In 1893, at the age of 36, Elbert Hubbard sold his interest in the Buffalo-based Larkin Soap Company for $75,000 to pursue a career in literature. In 1895, after a chance meeting with Arts and Crafts pioneer William Morris at Morris's Kelmscott Press, Hubbard sought to emulate him in the U.S. by producing books according to medieval tradition. Upon returning to his home in East Aurora, New York, Hubbard purchased the basic equipment to start a printing operation for the sole purpose of printing his own material.
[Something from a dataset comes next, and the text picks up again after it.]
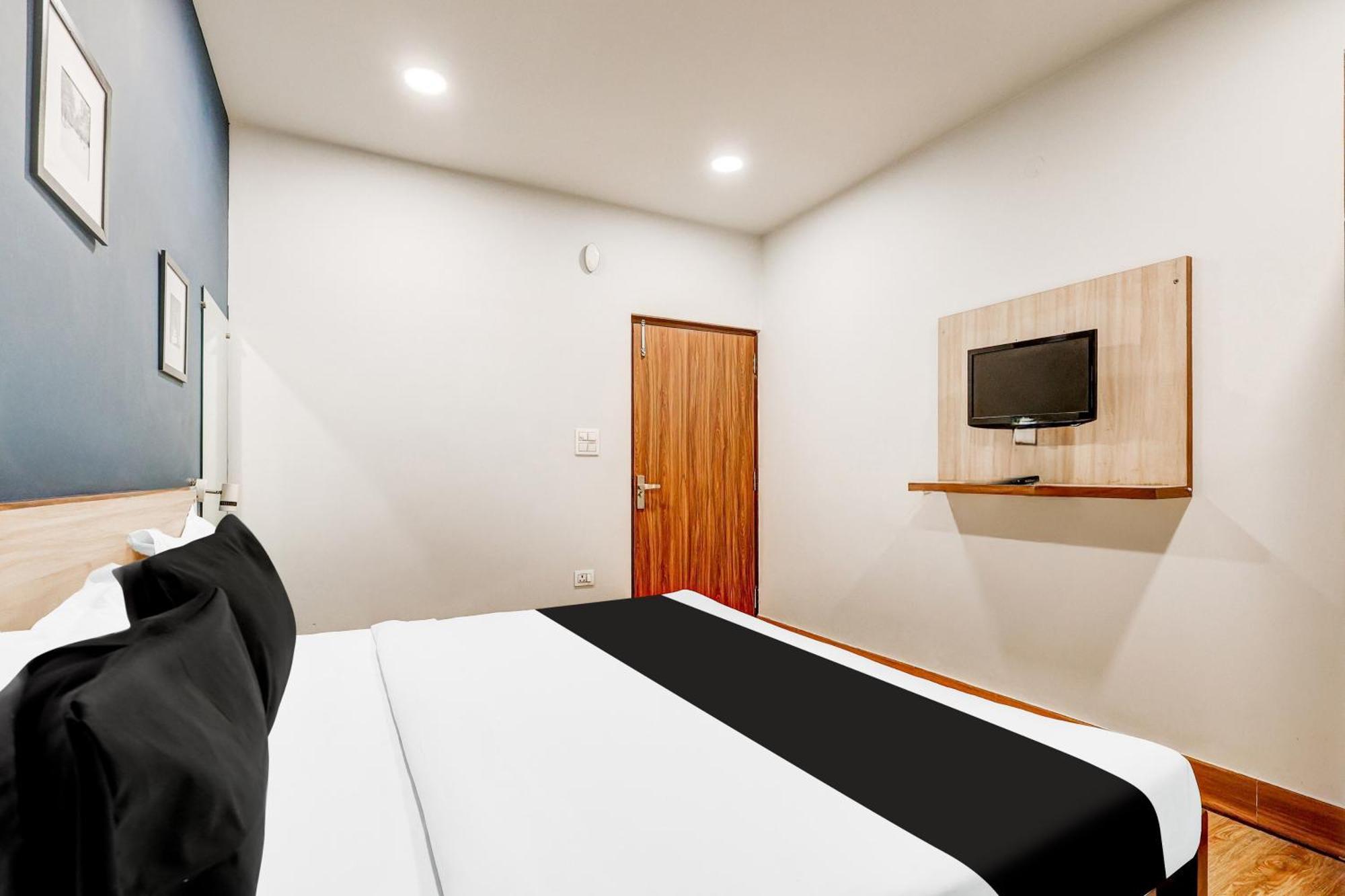Hotel Super Collection O Palam Near Railway Station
When the first Roycroft building was erected in 1895, Hubbard instructed his men to build a church-like structure similar to one he had seen in England. Eventually including 16 buildings, the Roycroft Campus was built mostly of local stone obtained by the wagonload from local farmers. In much the same way that the Kelmscott Press was founded, furniture and metal works were first produced out of necessity for a growing campus and later retailed to consumers. The Print Shop (1895-1938) produced a wide range of publications under the authorship of Hubbard and others, including Hubbard's monthly magazines: Little Journeys, The Philistine, and The Fra. Custom volumes received the handiwork of leather modelers and hand-illuminators. Roycroft furniture (1901-1938) was designed in the Mission Style which emphasized geometry and lack of adornment. The Blacksmith Shop (1899-1901) produced elaborate wrought iron andirons, lamps, and hardware for furniture. It would succumb to a new material of choice - copper - due to its low cost and ease of malleability. The Copper Shop (1906- 1938) produced a wide range of objects that were, during its infancy, created by hand. Eventually, machines were added to boost production and reduce costs.
In May of 1915, Hubbard and his wife Alice were among those lost on the Lusitania. Ironically, in 1912 he had written a satirical account of the Titanic in which he stated: "One thing sure, there are just two respectable ways to die. One is of old age, and the other is by accident.”